The vehicle is a small, two-seat design.

A Tesla Cybercab interior featuring a sleek design and a mounted digital display with no steering wheel.

Photo Credit: Getty Images

Tesla's Cybercab recently received a certified efficiency rating of 165 watt-hours per mile — a figure that would make it more efficient than any other production electric vehicle on the market.

That eye-catching figure is real, but so is the fine print behind how Tesla achieved it.

According to a report from Electrek, Tesla Vice President of Vehicle Engineering Lars Moravy confirmed the efficiency figure. That achievement puts the Cybercab well ahead of the EVs rated by the Environmental Protection Agency, including the Lucid Air Pure at 230 Wh/mi and Tesla's own Model 3 RWD at 240 Wh/mi.

However, the Cybercab is not a typical passenger car. The vehicle is a small, two-seat robotaxi that omits a steering wheel and pedals and uses a battery pack with a capacity below 50 kilowatt-hours.

Tesla also shaped the vehicle around aerodynamic efficiency, with a rear end that tapers sharply instead of prioritizing cargo space and cabin flexibility.

The weight reduction and aerodynamic design optimize the Cybercab for efficiency. 

The company has said the vehicle could deliver close to 300 miles of range despite its small battery. Production started at Giga Texas in April, although the rollout is expected to begin slowly.

If similar design choices are widely adopted, drivers could see more range from smaller batteries, lower charging costs, and potentially lower vehicle prices.

Electrek noted that the updated design is nearly 30% more efficient than the next-most-efficient EV on the market, the Lucid Air Pure. 

Still, it is not an apples-to-apples comparison with a normal car.
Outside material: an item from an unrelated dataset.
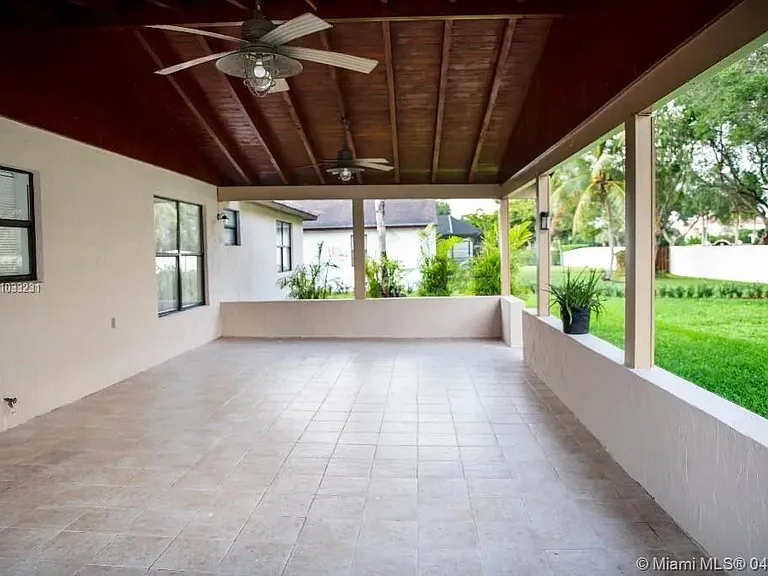 4804 SW 118th Ter — Photo 7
The Cybercab was built for one job — moving two passengers as cheaply as possible — and leaves out the weight, controls, and features that most conventional buyers expect.

Despite the record-efficiency figures, Tesla still faces major hurdles in its mission to make the Cybercab widely available. The company has not yet solved unsupervised autonomous driving at scale, and its supervised robotaxi fleet is crashing at about four times the rate of human drivers, Electrek reported.